Steve Pruett, president and CFO of Midland-based Legacy Reserves LP, explains that stifling exploration threatens the most jobs. He hires subcontractors to operate his rigs, the towering structures used to drill wells. Legacy runs just one rig in the lizard's presumptive habitat, but 131 other rigs are active, each of which drills two wells a month and employs about 150 people.
"We wouldn't be contracting as many wells to be drilled," Pruett says. "Not to mention the general loss of confidence of our investors. We would have less production and less cash to pay out."
According to Permian Basin Petroleum Association president Ben Shepperd, wells produce at diminishing rates, making new exploration vital to retaining blue-collar workers like roughnecks and roustabouts. He cites a study that found a majority of jobs even in the cities of Midland and Odessa depend on oil and gas production.
"If oil and gas were to stop out here, these West Texas towns would just dry up and blow away," Shepperd says. Excluding giants like Chevron, the average Permian Basin Petroleum Association member employs about 10 people.
Texas opponents of listing the lizard dispute the thoroughness of U.S. Fish and Wildlife's science and say they will work cooperatively to rehabilitate the population. Conservation agreements — another way to restore species populations — are already in place in New Mexico. With the agreements, private landowners, businesses, and the government follow a prearranged plan, although Sheppard says signing on can cost an oil business as much as $20,000 per well.
Texas land commissioner Jerry Patterson told an industry rally in Midland in late April that the state's landowners and businesses need a chance to work out agreements with the fish and wildlife service. The state currently enforces mitigation for turtle populations near drilling along the Gulf Coast, an arrangement that followed a court battle. "We can plant a lot of shinnery oak if we need to," Patterson said. "It's not the lizard or us. It's both of us."

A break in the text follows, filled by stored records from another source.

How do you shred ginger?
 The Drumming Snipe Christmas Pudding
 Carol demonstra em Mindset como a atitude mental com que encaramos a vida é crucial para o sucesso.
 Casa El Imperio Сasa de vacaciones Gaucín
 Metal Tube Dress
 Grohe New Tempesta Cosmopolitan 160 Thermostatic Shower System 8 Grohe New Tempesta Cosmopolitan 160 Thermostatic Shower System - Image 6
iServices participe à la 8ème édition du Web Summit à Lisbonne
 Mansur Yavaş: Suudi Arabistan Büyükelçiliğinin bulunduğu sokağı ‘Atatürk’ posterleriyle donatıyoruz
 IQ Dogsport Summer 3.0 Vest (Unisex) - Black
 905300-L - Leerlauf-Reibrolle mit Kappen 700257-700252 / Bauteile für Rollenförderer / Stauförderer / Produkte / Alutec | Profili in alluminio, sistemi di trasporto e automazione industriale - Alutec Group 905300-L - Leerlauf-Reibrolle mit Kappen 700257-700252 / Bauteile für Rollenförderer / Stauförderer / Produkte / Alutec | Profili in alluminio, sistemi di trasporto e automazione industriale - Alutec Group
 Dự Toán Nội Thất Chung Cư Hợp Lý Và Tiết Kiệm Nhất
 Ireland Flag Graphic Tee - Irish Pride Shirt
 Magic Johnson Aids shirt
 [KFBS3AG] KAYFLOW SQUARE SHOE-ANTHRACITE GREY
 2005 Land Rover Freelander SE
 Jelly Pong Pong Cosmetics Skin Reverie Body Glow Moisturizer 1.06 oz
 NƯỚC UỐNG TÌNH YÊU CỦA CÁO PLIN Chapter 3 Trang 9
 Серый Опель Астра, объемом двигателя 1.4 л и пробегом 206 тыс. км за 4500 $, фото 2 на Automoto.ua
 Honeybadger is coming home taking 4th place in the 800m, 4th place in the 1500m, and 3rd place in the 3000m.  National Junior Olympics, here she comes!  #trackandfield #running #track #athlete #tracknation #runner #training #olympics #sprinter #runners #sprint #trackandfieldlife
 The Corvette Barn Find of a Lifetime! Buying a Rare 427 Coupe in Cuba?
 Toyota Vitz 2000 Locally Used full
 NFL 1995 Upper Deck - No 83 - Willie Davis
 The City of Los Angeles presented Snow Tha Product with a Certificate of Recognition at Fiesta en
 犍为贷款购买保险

Even if Texas, with New Mexico's help, is able to avoid endangered species classification for the dunes sagebrush lizard, a proposed listing for another species in the Permian Basin, the lesser prairie chicken, lurks in the future.
Hammond, with the business association, says the effort to list the lizard as endangered is but one grievance his group has with the Obama administration, which he says is engaged in a "job-killing enterprise" against Texas.
Texas's showdown with the Environmental Protection Agency over air permitting is the major concern.
"Industry has spent literally trillions of dollars to bring air quality to a level that is perfectly acceptable," according to Hammond.
Industry efforts aside, last year the EPA ruled that certain permits issued by the Texas Commission on Environmental Quality — which had regulatory authority under the Clean Air Act — do not comply with federal law. Operating under the permits since 1994, more than 100 businesses have been left in legal limbo while Texas contests the decision.
One affected business is EBAA Iron, Inc., a family-owned iron foundry with 250 employees at plants in Eastland and Albany, Texas. Until last year, the foundry ran under a flexible permit issued by the state environmental agency. The flexible permits emphasized results over an entire organization, while EPA concerns itself with individual sources of emissions.
Jim Keffer, president of EBAA Iron, Inc., says his staff has contacted EPA for guidance but keeps getting put off. The business, which opened in 1964, may be operating illegally.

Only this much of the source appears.